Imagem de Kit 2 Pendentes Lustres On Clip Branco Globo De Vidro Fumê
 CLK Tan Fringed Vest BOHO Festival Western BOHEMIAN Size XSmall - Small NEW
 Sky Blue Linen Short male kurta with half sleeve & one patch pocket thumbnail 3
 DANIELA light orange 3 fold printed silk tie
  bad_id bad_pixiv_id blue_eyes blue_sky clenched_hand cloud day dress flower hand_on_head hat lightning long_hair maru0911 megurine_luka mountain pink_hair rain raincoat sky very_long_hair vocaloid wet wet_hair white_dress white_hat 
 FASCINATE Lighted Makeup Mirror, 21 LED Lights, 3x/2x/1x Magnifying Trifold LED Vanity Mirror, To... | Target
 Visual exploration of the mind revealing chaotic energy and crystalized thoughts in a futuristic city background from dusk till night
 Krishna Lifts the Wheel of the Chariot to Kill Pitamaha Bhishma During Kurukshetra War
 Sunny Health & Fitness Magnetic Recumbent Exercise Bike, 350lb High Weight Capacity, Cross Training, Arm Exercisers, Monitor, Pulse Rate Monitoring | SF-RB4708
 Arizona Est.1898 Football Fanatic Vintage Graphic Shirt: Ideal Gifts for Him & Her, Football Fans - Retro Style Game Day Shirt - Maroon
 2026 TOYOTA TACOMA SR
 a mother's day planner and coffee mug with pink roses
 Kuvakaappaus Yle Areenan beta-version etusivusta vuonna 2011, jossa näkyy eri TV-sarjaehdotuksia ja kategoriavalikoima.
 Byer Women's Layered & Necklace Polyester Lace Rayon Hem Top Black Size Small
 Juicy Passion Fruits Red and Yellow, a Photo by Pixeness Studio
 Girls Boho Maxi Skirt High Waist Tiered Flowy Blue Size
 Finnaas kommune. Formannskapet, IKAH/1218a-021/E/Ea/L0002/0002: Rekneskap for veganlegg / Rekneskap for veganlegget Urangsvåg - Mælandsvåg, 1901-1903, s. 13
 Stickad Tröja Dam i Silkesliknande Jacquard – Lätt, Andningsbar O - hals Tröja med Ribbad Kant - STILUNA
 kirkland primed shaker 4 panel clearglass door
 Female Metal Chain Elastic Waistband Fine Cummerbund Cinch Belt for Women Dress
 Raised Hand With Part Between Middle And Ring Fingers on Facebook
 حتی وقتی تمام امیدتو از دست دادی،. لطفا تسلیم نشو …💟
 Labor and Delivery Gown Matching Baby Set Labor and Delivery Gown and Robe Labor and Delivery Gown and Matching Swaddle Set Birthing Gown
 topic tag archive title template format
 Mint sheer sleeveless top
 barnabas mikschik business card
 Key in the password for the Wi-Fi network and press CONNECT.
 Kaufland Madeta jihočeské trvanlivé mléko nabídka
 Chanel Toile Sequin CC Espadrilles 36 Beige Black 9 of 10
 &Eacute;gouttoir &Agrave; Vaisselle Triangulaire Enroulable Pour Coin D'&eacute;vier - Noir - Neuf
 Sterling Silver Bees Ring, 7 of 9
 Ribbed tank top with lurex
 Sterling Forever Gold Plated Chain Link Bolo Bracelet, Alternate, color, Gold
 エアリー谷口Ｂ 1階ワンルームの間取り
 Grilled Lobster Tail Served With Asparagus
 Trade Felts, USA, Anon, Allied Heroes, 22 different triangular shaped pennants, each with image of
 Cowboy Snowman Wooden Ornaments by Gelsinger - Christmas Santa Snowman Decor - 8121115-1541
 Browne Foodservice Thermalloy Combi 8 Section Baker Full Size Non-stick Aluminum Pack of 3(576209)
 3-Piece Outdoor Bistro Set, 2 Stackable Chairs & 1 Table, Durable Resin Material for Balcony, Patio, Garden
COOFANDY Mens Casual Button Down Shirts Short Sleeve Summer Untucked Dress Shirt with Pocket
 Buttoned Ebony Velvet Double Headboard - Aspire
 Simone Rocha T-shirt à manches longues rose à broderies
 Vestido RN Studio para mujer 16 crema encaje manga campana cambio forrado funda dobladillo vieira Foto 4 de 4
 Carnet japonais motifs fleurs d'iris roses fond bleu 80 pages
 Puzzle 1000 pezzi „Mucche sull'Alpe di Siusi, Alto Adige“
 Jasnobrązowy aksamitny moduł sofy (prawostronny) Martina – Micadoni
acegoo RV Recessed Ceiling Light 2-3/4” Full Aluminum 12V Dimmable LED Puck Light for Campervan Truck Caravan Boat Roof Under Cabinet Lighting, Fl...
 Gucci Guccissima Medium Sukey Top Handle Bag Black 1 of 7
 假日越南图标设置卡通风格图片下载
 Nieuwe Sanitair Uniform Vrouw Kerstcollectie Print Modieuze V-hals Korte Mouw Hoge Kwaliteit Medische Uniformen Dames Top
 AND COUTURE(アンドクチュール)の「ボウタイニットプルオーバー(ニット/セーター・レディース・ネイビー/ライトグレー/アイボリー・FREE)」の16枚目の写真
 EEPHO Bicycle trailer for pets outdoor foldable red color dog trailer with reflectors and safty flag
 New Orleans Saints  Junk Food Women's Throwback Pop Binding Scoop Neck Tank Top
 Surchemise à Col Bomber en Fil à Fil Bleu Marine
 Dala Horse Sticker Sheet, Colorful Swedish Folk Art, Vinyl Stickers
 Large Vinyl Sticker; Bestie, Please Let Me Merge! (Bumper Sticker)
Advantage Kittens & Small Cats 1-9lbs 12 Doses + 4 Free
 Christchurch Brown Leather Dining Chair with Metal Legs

* ASSIGNMENT: From the entries above, copy every line that holds the word "Studio".

* WRITTEN RESPONSE:
 Juicy Passion Fruits Red and Yellow, a Photo by Pixeness Studio
 Vestido RN Studio para mujer 16 crema encaje manga campana cambio forrado funda dobladillo vieira Foto 4 de 4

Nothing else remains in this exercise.